Since the 2018 elections, the PH has faced a number of challenges. Mahathir resigned in February 2020, leaving a huge void. Anwar Ibrahim, the presumptive heir, and former vocal Malay advocate has been side-lined. Due to his activism, Ibrahim has the populist support of the Muslim Malay; meanwhile, his anti-establishment stance gained the support of Chinese and Indian Malaysians. However, he was outflanked by Muhyiddin Yassin, the current Prime Minister and another former UMNO party member. Yassin has been able to use the old-style political patronage, pursuing a corruption probe against Ibrahim. Yassin, in just a few months in power, has used repressive, UMNO-established laws to curb opposition (Banyan, 2020). Ibrahim still seeks to topple Muhyiddin, creating fears of further political instability (Banyan, 2020).
In the 2019 local elections, the BM-UMNO showed signs of regaining its voters. It entered into an alliance with the Malaysian Islamic Party (PAS), a right-wing, pan-Islamist party seeking to establish a sharia driven Islamic state in the country. PAS advocates for “modest” clothing for women, discourages ethnic dance and music, and warrants the death penalty for Muslims who convert to other religions. The party is currently led by a conservative Sunni Muslim scholar and political leader Abdul Hadi bin Awang. Malaysians know Hadi for the controversial Amanat Hadi, a “dark period” during the 1980s. Hadi spread the ideology of “kafir mengkafir” throughout the villages of Malaysia. Kafir mengkafir meant calling Muslims of different political persuasions “infidels.” Being pro-PAS made one a Muslim, while any other political affiliation made one an “infidel.” Over the years, Hadi has participated in right-wing conventions around the globe and advocated for an “Islamic awakening” (Hussin, 2018).
While forming pacts with Islamist factions, BN-UMNO also, for the first time, placed ethnic Chinese and other minority politicians in prominent positions ahead of the 2018 elections.

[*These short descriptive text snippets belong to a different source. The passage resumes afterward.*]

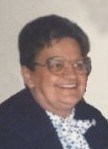 Obituary of Jennie Morano Parker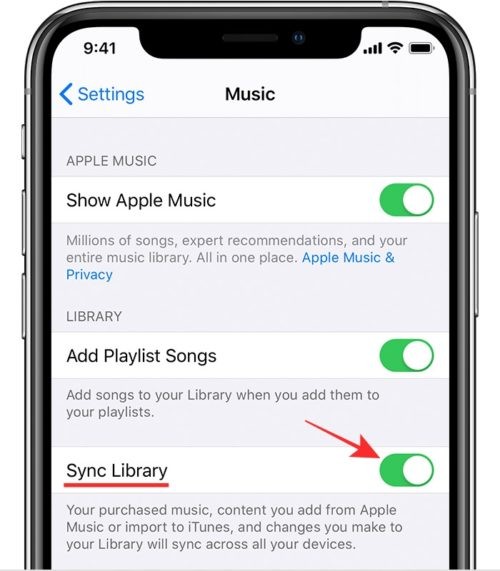 如何将音乐从 Android 传输到 iPhone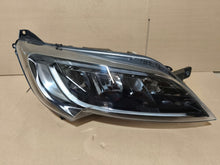 Load image into Gallery viewer, Frontscheinwerfer Fiat Ducato 468574820 LED Rechts Scheinwerfer Headlight SCH2560707968zm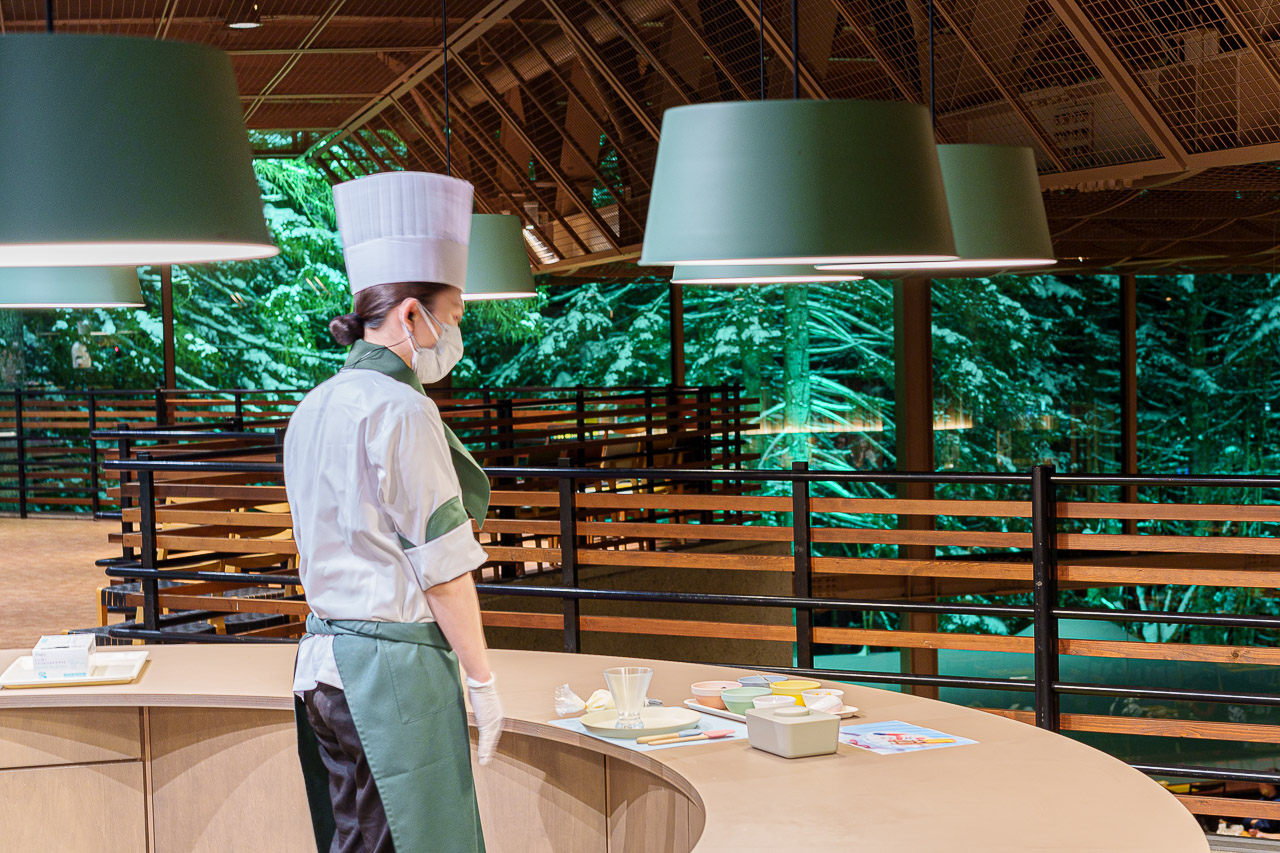 Original source image 54 for RISONARE Tomamu by Hoshino Resorts: A Winter Skiers' Suite Stay.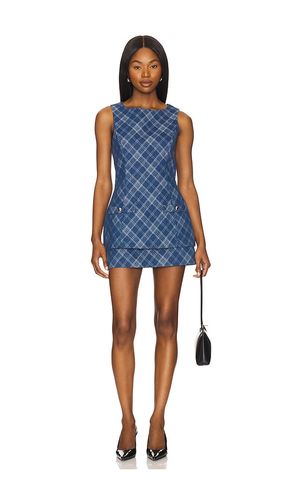 COMBISHORT MAVEN en . Taille M. Also en S, XL - Amanda Uprichard - Modalova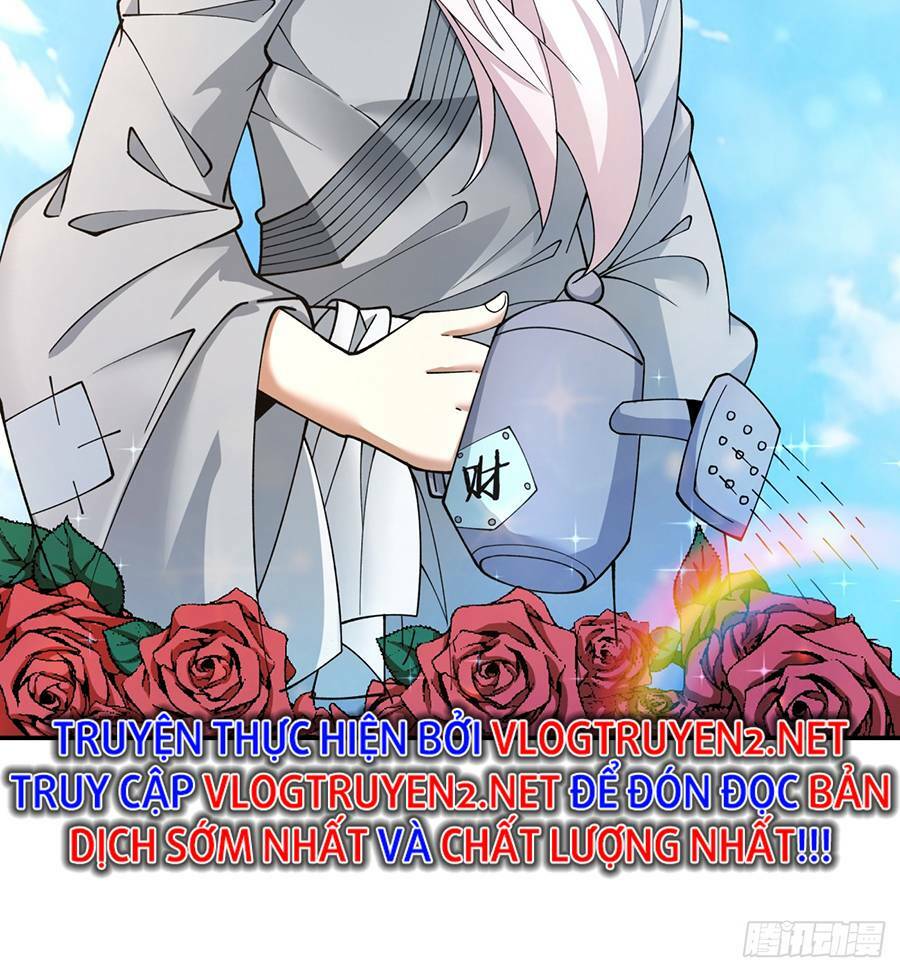 Đồ Đệ Của Ta Đều Là Đại Phản Phái Chapter 23 - Trang 25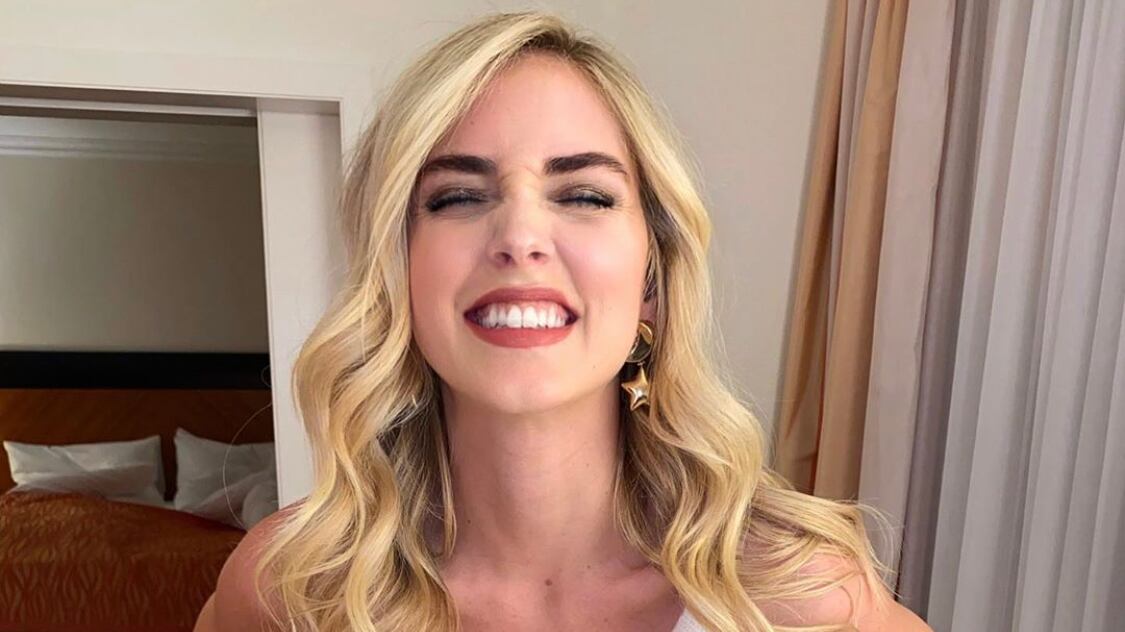 Chiara Ferragni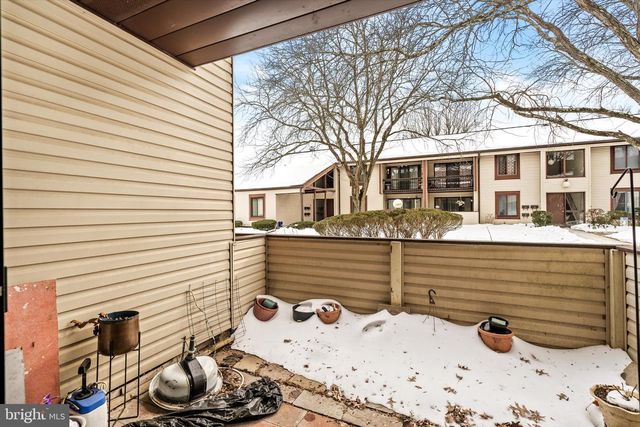 L-9 TWIN RIVERS DR N, East Windsor, NJ 08520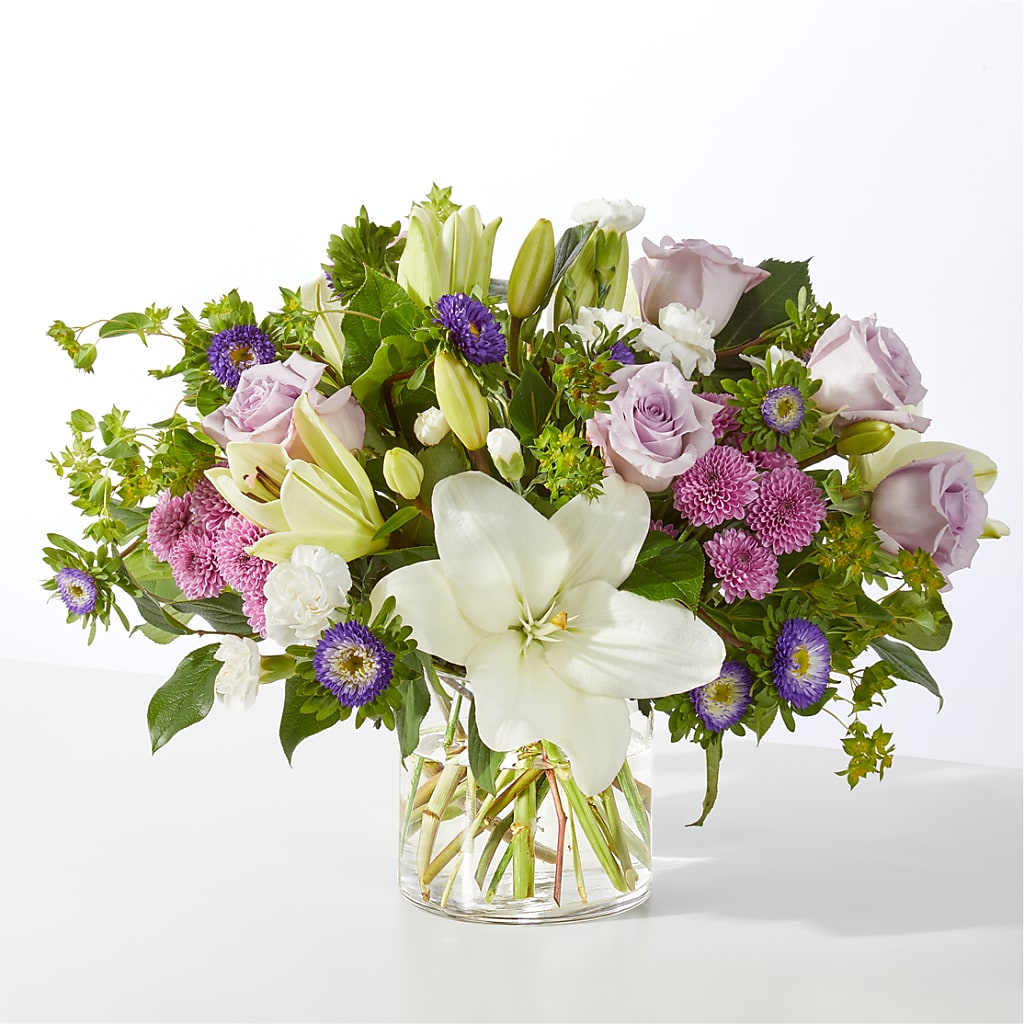 April Showers Bouquet – KAREN'S AND TINA'S FLOWERS, Newmarket ON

This was done in an effort to rid the party of its reputation as anti-multicultural and with a pro-Bumiputera Muslim agenda (Beech, 2020). If the Ibrahim-Muhyiddin power struggle further fractures the PH, the BN-UMNO is prepared to consolidate voters (and power) under its own populist umbrella. So far, the PH has been unable to deliver on its promises, potentially forecasting a BN-UMNO win in the next national elections.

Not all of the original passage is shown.